Return every record below exactly as written, omitting any pictures.

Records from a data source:
------------------------------
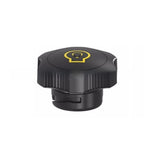 Oil Cap Cover for Tractor 5403 6210 7920 (RE52326 RE500005 RE535560) ABS Plastic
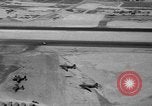 Image of U.S. Far East Air Force Korea, 1953, second 50 stock footage video 65675044809
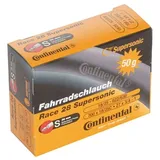 Continental Race 28 Supersonic SV 60mm Schlauch (0181891)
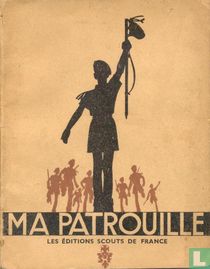 Ma patrouille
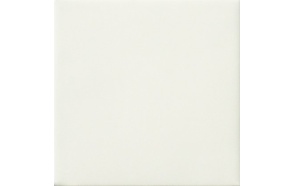 AMARCORD Bianco Matt 20x20, MYYNTI VAIN PAKETTINA (1 PAKETTI = 1 M2)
------------------------------
**ANSWER SECTION:**
 Oil Cap Cover for Tractor 5403 6210 7920 (RE52326 RE500005 RE535560) ABS Plastic
 Image of U.S. Far East Air Force Korea, 1953, second 50 stock footage video 65675044809
 Continental Race 28 Supersonic SV 60mm Schlauch (0181891)
 Ma patrouille
 AMARCORD Bianco Matt 20x20, MYYNTI VAIN PAKETTINA (1 PAKETTI = 1 M2)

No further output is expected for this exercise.